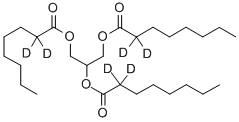 GLYCERYL TRI(OCTANOATE-2,2-D2) 结构式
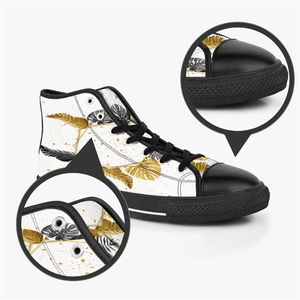 GAI GAI Мужская обувь на заказ Дизайнерские парусиновые женские кроссовки Ручная роспись Модные кроссовки с высоким вырезом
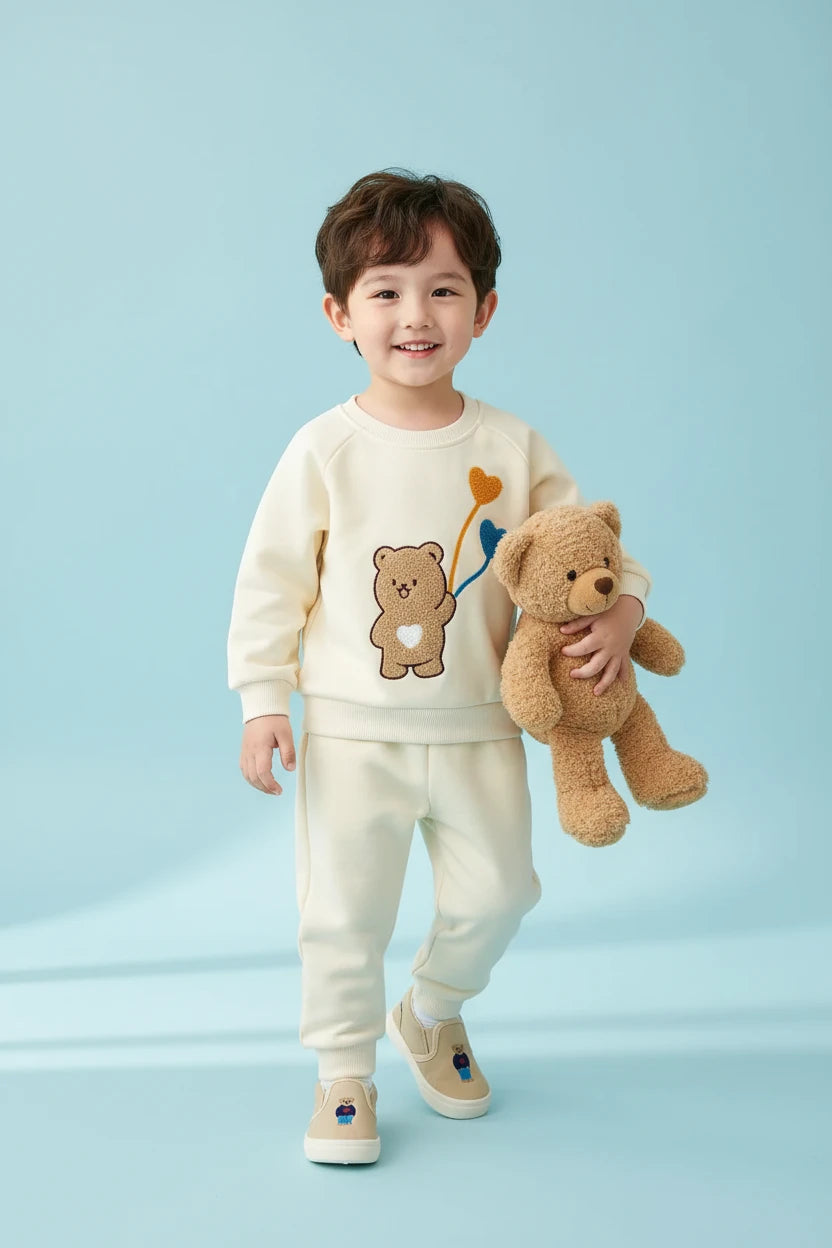 Sweatshirt+Pants Children Set,Cotton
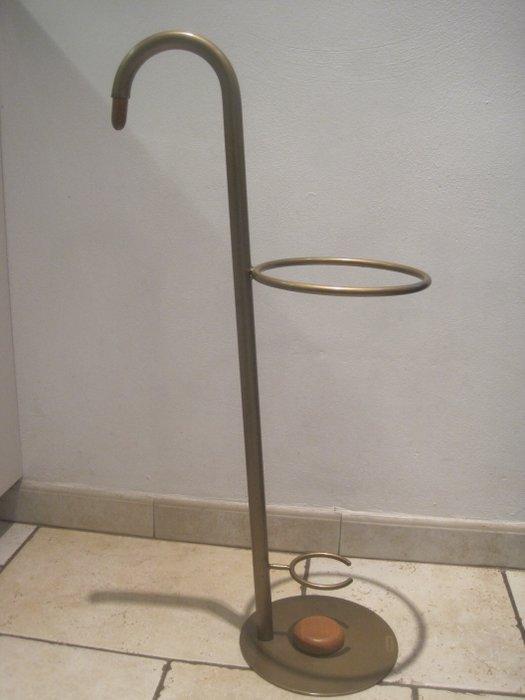 Bony design - Paraplustandaard/rek - Gemoffeld staal en hout, Antiquités & Art, Antiquités | Meubles | Chaises & Canapés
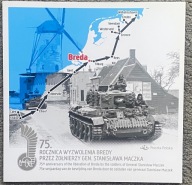 Folder 75 rocznica wyzwolenia Bredy przez żołnierzy gen Stanisława Maczka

▬▬▬▬▬▬▬▬▬▬

What to work on
Start with the line holding "Sweatshirt+Pants Children Set,Cotton" and repeat exactly every line through the final line of the records above, but no pictures and nothing more.

Output
 Sweatshirt+Pants Children Set,Cotton
 Bony design - Paraplustandaard/rek - Gemoffeld staal en hout, Antiquités & Art, Antiquités | Meubles | Chaises & Canapés
 Folder 75 rocznica wyzwolenia Bredy przez żołnierzy gen Stanisława Maczka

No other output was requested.